It's very peculiar that we're worrying about the least successful, the least promising avenue of dealing with ballistic missile problem, when we're having such tremendous success with the most promising one, namely the relationships that we have established with Russia, and are working on with other countries, in terms of international space cooperation, space commercialization, and compliance with the Missile Technology Control Regime. The bottom line is, the metal bashers in these countries are not dumb. If they are faced with a choice between selling their stuff to rich folks or selling it to poor folks, they're going to want to go where the money is. And the bottom line is that Hughes and the telecoms are always going to be able to put an additional zero on the price tag for what they're going to pay for that stuff, relative to what the folks in the Irans, Iraqs, and North Koreas are going to offer. So if we work this arrangement out, these people are always going to follow the money, and that's going to be a far more reliable solution to this problem.

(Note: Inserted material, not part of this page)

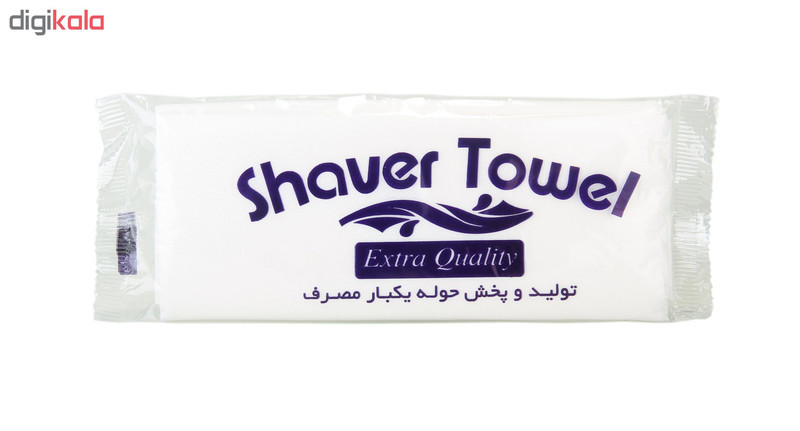حوله یکبار مصرف شاور مدل 85G40*80 بسته 100 عددی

So why are we continuing to do all of this stuff? Well, in addition to misreading the lessons of Desert Storm, that we basically have two other things going on here. Number one, there's a tremendous amount of inter-service rivalry to lay hands on budget share, on doctrinal primacy, and all of the other goodies that go with this new and exciting mission arena. It is no accident that the Navy Upper Tier program has more robust performance capabilities than THAAD does. Is this driven by some sort of objective threat assessment in terms of the threat that might be coming from Iraq or Iran? No. It's being driven by an assessment of the real threat, namely the one from the Army. If the Navy cannot produce something that is more capable than what the Army has, then the Navy doesn't get the mission.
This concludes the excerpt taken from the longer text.